Dimel’s program snapped a 14-game losing streak with a 24-10
win at crosstown rival Rice in in this season's opening game. The Cougars
didn’t play ECU in 2001 but were certainly more competitive in a 54-48
triple overtime loss at home to the Pirates three weeks ago than they were
in a 62-20 loss in Greenville in 2000.
Charles in charge
Because the East Carolina-Southern Miss football game at 3
p.m. today is not scheduled for television, Jeff Charles, the radio voice of
the Pirates, will be the eyes and ears for many ECU fans this afternoon on
the Pirates sports network.
It’s been awhile since a game with the implications of bowl
eligibility and a share of the Conference USA title for ECU has not been
televised. The Pirates’ four-game season package on WITN-7 was completed
with the UAB game.
“I think we’ll have a big listening audience,” Charles said
before boarding ECU’s charter for Hattiesburg, MS, on Friday afternoon.
Even though the commentary of my Bonesville.net colleague
will be our source for the action in the absence of a picture, he said that
doesn’t really change anything as far as how he goes about his job.
“I prepare the same way each and every week,” Charles said.
“We’re creatures of habit and it doesn’t matter if the game is on worldwide
television or not. The preparation is pretty much the same each week.”
Charles’ week starts with Coach Steve Logan’s news
conference on Monday. He and his broadcast staff talk to coach Logan, the
opposing coach and Pirates players for the pregame program that starts at
2:10 p.m. today on Pirates network affiliates.
“You pour over stats and all the information to pull the
broadcast together,” Charles said. “It’s kind of like studying for a final
exam in school. You want to paint as accurate and complete a picture as you
can describing what’s going on.”
Charles arrives at the stadium for a road game three hours
before kickoff and heads for the visitors’ locker room to get the heavy
trunk that the radio equipment has made the trip in. It’s the start of a
long day. After the flight back to Greenville following the game, Charles
does the coach’s television show with Logan.

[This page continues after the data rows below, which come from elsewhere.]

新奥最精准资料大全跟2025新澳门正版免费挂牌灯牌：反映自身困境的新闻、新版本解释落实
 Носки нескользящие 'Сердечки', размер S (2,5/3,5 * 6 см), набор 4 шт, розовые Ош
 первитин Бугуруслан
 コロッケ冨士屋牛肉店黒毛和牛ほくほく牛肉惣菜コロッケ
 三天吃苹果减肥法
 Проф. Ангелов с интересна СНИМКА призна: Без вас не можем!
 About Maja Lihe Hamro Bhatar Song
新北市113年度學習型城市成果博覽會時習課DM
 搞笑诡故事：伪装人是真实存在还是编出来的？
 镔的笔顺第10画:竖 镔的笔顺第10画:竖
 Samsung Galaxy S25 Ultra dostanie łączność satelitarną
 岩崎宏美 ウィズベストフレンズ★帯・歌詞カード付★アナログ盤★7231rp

The football team will probably be getting home about the
time the ECU basketball game tonight with William & Mary is ending. Reece
Edwards will be filling in for Charles on the radio broadcast from Minges
Coliseum's Williams Arena.
Production will finish on the coach’s show at WITN at 4 or 5
a.m. on Sunday.
Charles doesn’t mind the trip to Hattiesburg. He enjoys
dining at Chesterfield’s, a nice restaurant near the stadium. In the last
ECU game at M.M. Roberts Stadium, also known as 'The Rock,' there was one
problem with the Pirates’ 14-9 win in soggy conditions.
“The windows on the press box at Southern Miss don’t open
and when it was raining, it was like looking through the windshield when the
windshield wipers aren’t working,” Charles said.
Better conditions are expected today with a high of 64 under
partly cloudy skies. Hopefully the weather will be just right for Charles to
do some “painting” at The Rock with his famed closing call, “You can paint
this one purple,” which he says when ECU wins.
“I’ve got the paint can ready to open,” he said Friday.
Winning and losing can make a big difference in how Charles
feels during the time that he spends preparing for game day.
“Winning is fun,” he said. “When you’re losing, it’s more of
a challenge. When you’re working in the athletics department, it’s a totally
different environment on the Monday after we win a game as opposed to
losing. There’s a difference in the energy level. That’s the biggest thing.
It doesn’t matter if you do 10 games in 10 days when you’re winning.
“When you’re in a losing skid it takes a lot to fight your
way out of that. What’s scary is getting comfortable with losing games and
you’ve got to fight your way out of that.”